The equations of the three sides are

${\begin{aligned}{\text{side}}~\partial S^{(1)}~:~~&f_{1}(x_{1},x_{2})=x_{1}-{\sqrt {3}}x_{2}+2a=0\\{\text{side}}~\partial S^{(2)}~:~~&f_{2}(x_{1},x_{2})=x_{1}+{\sqrt {3}}x_{2}+2a=0\\{\text{side}}~\partial S^{(3)}~:~~&f_{3}(x_{1},x_{2})=x_{1}-a=0\end{aligned}}$
Let the Prandtl stress function be

$\phi =Cf_{1}f_{2}f_{3}\,$
Clearly, $\phi =0\,$ at the boundary of the cross-section (which is what we need for solid cross sections).

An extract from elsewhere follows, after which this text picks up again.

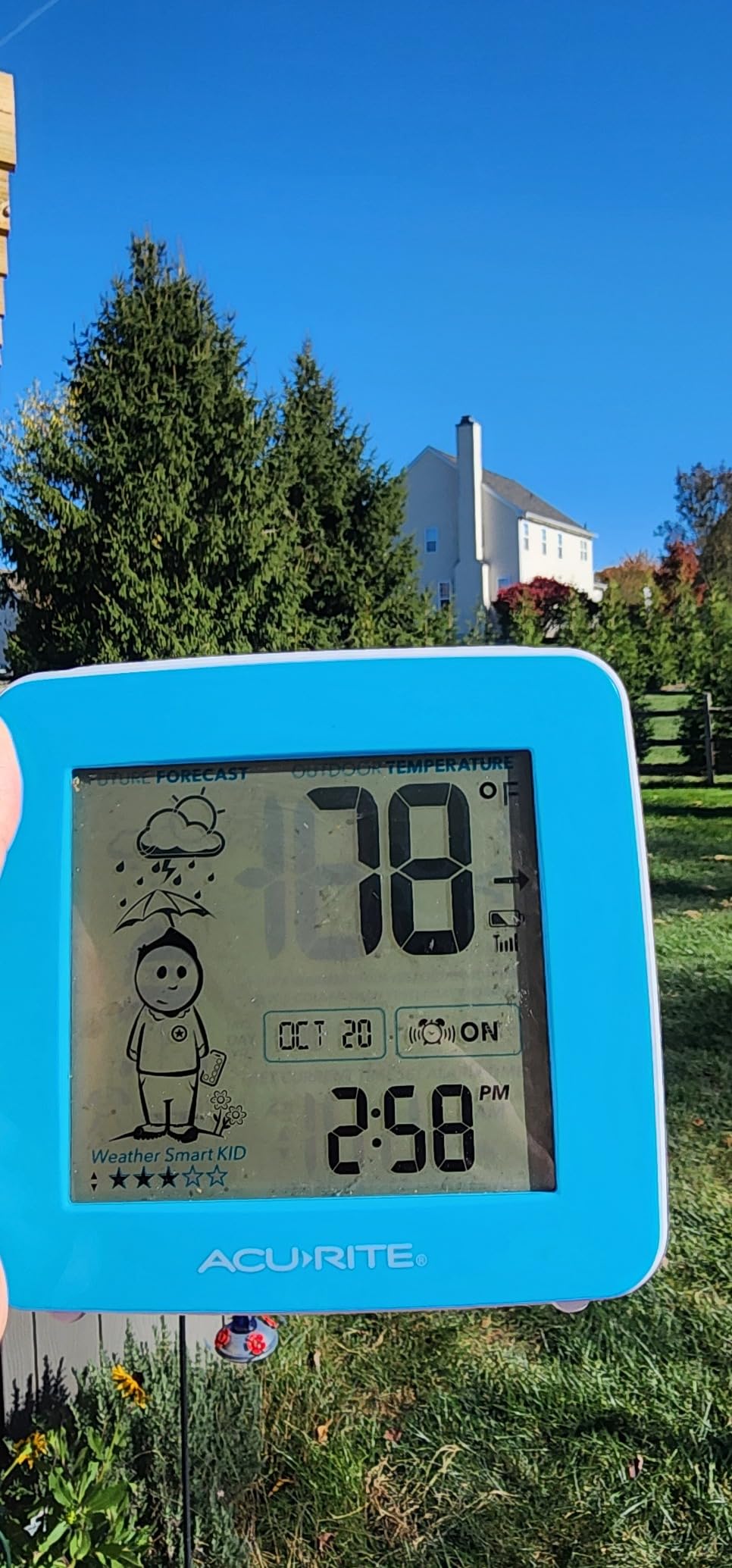 AcuRite What-to-Wear Weather Station with Alarm Clock, Time, Date, and Wireless Outdoor Sensor for Hyperlocal Forecast and Outdoor Temperature (00777) customer photo 1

Since, the traction-free boundary conditions are satisfied by $\phi \,$ , all we have to do is satisfy the compatibility condition to get the value of $C\,$ . If we can get a closed for solution for $C\,$ , then the stresses derived from $\phi \,$ will satisfy equilibrium.

Expanding $\phi \,$ out,

$\phi =C(x_{1}-{\sqrt {3}}x_{2}+2a)(x_{1}+{\sqrt {3}}x_{2}+2a)(x_{1}-a)$
Plugging into the compatibility condition

$\nabla ^{2}{\phi }=12Ca=-2\mu \alpha$
Therefore,

$C=-{\frac {\mu \alpha }{6a}}$
and the Prandtl stress function can be written as

$\phi =-{\frac {\mu \alpha }{6a}}(x_{1}^{3}+3ax_{1}^{2}+3ax_{2}^{2}-3x_{1}x_{2}^{2}-4a^{3})$
The torque is given by

$T=2\int _{S}\phi dA=2\int _{-2a}^{a}\int _{-(x_{1}+2a)/{\sqrt {3}}}^{(x_{1}+2a)/{\sqrt {3}}}\phi dx_{2}dx_{1}={\frac {27}{5{\sqrt {3}}}}\mu \alpha a^{4}$
Therefore, the torsion constant is

${\tilde {J}}={\frac {27a^{4}}{5{\sqrt {3}}}}$
The non-zero components of stress are

${\begin{aligned}\sigma _{13}=\phi _{,2}&={\frac {\mu \alpha }{a}}(x_{1}-a)x_{2}\\\sigma _{23}=-\phi _{,1}&={\frac {\mu \alpha }{2a}}(x_{1}^{2}+2ax_{1}-x_{2}^{2})\end{aligned}}$
The projected shear stress

$\tau ={\sqrt {\sigma _{13}^{2}+\sigma _{23}^{2}}}$
is plotted below

Stresses in a cylinder with a triangular cross section under torsion

The maximum value occurs at the middle of the sides. For example,
at $(a,0)$ ,

$\tau _{\text{max}}={\frac {3\mu \alpha a}{2}}$
The out-of-plane displacements can be obtained by solving for the
warping function $\psi$ . For the equilateral triangle, after some
algebra, we get

$u_{3}={\frac {\alpha x_{2}}{6a}}(3x_{1}^{2}-x_{2}^{2})$
The displacement field is plotted below

Displacements

$u_{3}\,$ in a cylinder with a triangular cross section.